Short answer, it's currently the most popular wireless provider in India; and
it provides much more services.

------
iamgopal
Jio going to build their own 5G equipment for installing in India and
expansion to other country. Their vision is, Data is the new Oil. They are
coming for USofA too.

------
pX0r
All this money and attention will surely pump up the R stock/s like crazy. Not
sure if these investors are also receiving any preferntial liquidation
preference too. Is it not likely that they might dump stock to book huge
profit and the retail Indian investors will be left holding the bag ?

------
bobbydreamer
In the last two weeks, there were multiple articles on Jio and whenever I
comment something, Google analytics says I have new visitor to my website this
hackernews.

I don't know how, this medium article I was able to read and other useful
articles asks me join their membership.

End of day, 1\. BSNL has higher reach in rural areas after then it was idea.
Airtel & Jio are city based mostly that's where the speed is.

2\. JioMart is a provision store, DMart is a provision store. If JioMart buys
DMart then you can say ok he is here to stay. But buy FutureRetail which
already sells only few specific brands not all. So what's the point.

3\. Jio University, It's graded eminence but yet to be built. No comments.

May be ban of tiktok could be due to investment. Everybody in the country had
Tiktok installed and happily watching all the 15-30sec videos, nobody was
using fb. After the ban, in youtube now they are promoting some 15sec, it's
not so interesting as tiktok. JioMeet was a ripoff of zoom. Just before a
month, JioMeet was introduced GoI said zoom can be compromised, it's not
banned because large corporations are already using it.

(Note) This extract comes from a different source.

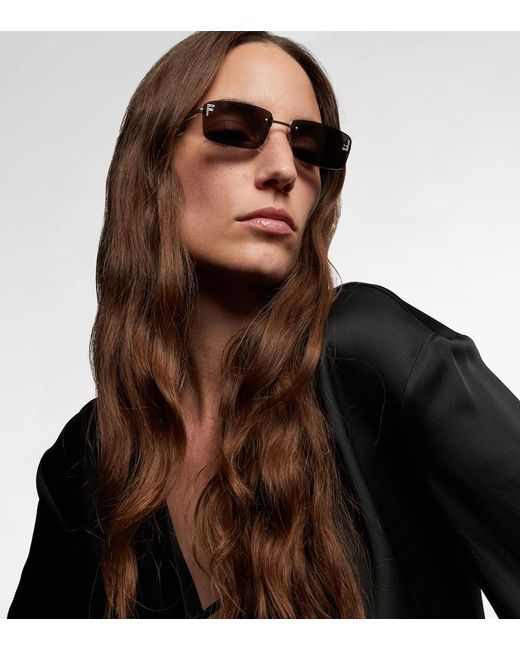 Fendi Gray Eckige Sonnenbrille First Crystal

Ok. Now I am expecting some traffic to my site.

------
known
Trade/Commerce is 100% "reserved" to BANIA since 700 BC in India
[https://en.wikipedia.org/wiki/Varna_in_Hinduism](https://en.wikipedia.org/wiki/Varna_in_Hinduism)

------
known
They're buying an Equity in an Organized mafia in India
[https://news.ycombinator.com/edit?id=24069401](https://news.ycombinator.com/edit?id=24069401)

------
blackswan101
Why are these companies not investing in Africa in players like Jumia I
wonder?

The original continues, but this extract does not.